Rond de voor-vorige eeuwwisseling kwamen romans over kinderen in de mode, zoals De kleine Johannes (Frederik van Eeden, 1887) en Jaapje (Jacobus van Looy, 1917). Maar alleen Thijssen schreef nadrukkelijk ‘vanuit’ zijn hoofdpersoon. Pas veel later vond dat navolging – en dan vooral onder kinderboekenschrijvers. In 1975 publiceerde Guus Kuijer Met de poppen gooien, waarin een portret geschetst wordt van drie mensen, eh, kinderen. Kuijer is iemand die, net als Thijssen, vindt dat een schrijver voor kinderen vooral eerst een schrijver moet zijn. En geen opvoeder, die kinderen over een kam scheert.

Dagdromers in hedendaagse kinderboeken voeren hun stoutmoedige ideeën vaak uit, anders dan Kees. Robert van Dijk (1974) schreef Vrijdag kom ik weer thuis (2020). Hierin heeft de negenjarige Esi een plan: een nieuwe man voor haar moeder vinden, opdat die gelukkiger wordt, opdat ze zelf gelukkiger wordt. Een Ghanees moet het zijn, net als haar gestorven vader. Ze gaat naar Schiphol met een koffer, waarin ze zich verstopt om op de bagageband van een vlucht naar Ghana terecht te komen.

Kees de jongen herleest Van Dijk sinds zijn studie Nederlands jaarlijks. Net als Esi wil Kees anderen, en daarmee zichzelf, redden. Van Dijk: ‘Dreigt er iemand te verdrinken of onder de tram te komen, geen nood, daar komt Kees aangerend. Veel van zijn fantasieën gaan over de dood. Dat heeft natuurlijk alles te maken met zijn zieke vader.’ Van Dijk roemt Thijssen’s vertelvernuft: ‘Vaak manoeuvreert hij de lezer zo dat die anticipeert op twee mogelijke aflopen. En dan gebeurt er iets anders, onverwacht.’

‘Een eerste, levensbepalende liefde,’ noemt ook Simon van der Geest (1987), toneelschrijver en auteur van onder meer Spinder (2012), Kees de jongen.

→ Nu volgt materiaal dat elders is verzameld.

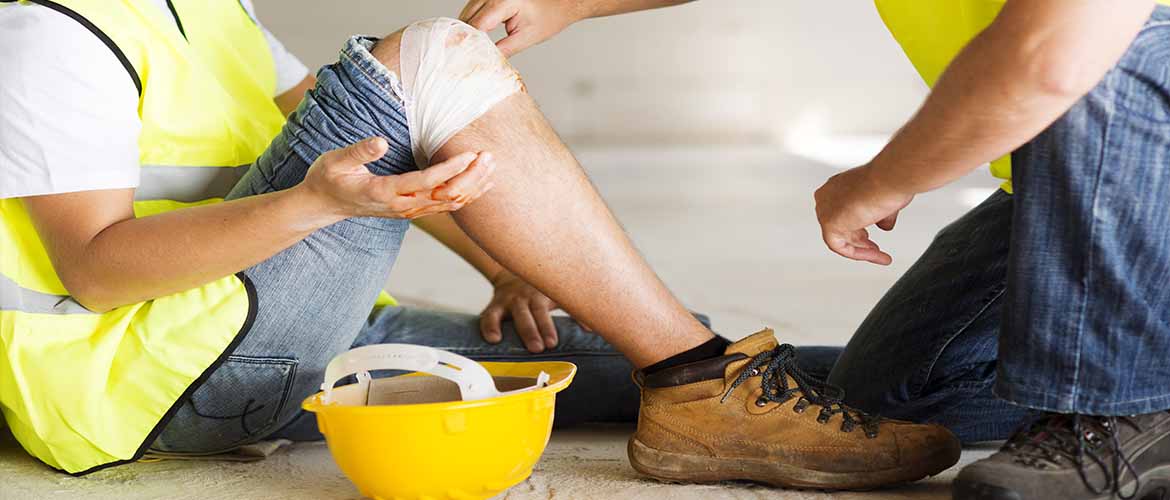 a coworker tends to a construction worker who has an injured knee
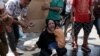 Police Fire Tear Gas as Migrants Demand to Leave Greek Island After Fire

Hij las Kees, want hij wás Kees. Rond zijn zestiende speelde hij op school voor het eerst toneel. Ze voerden Kees de jongen op, in de bewerking van Gerben Hellinga uit 1970: ‘Op het podium zijn twee Kezen, de echte en de gefantaseerde. Ik was de Droomkees. Dankzij de rol ontdekte ik wat ik met mijn leven wilde.’

Hij kon zich gemakkelijk in Kees inleven: ‘Dat je je uniek weet, en niet mee gaat in de meute.’ Zelf was hij verlegen. ‘Pas op de fietstocht van school naar huis wist ik wat ik had moeten zeggen, tegen een leraar of een meisje.’ Dat is inderdaad ook iets wat Kees overkomt. Hij heeft last van ‘esprit de l’escalier’: pas als het te laat is, bedenken wat je had kunnen doen of zeggen om goed voor de dag te komen. Als Van der Geest nu in het boek bladert, valt hem de soepele stijl op. ‘Het is sprankelend proza, met spreektaal-tussenwerpsels als ‘Stond-ie mooi op zijn neus te kijken.’’ Hij vindt dat het Thijssen gelukt is Kees waarachtig, ja, levend, te laten klinken.

Is het boek dan niet verouderd? Sommige dingen hebben voor lezers van nu misschien wat context nodig. Of zou ze tegen de borst kunnen stuiten. Onzin, vindt Robert van Dijk: ‘Wanneer op school de bel gaat en Kees open gaat doen, wedt hij met zichzelf of het een man zal zijn of een vrouw. Dat binaire denken kun je aanpassen, maar je kunt ook denken: zo zwart-wit was het dus in 1923, gelukkig is er in die honderd jaar veel veranderd.’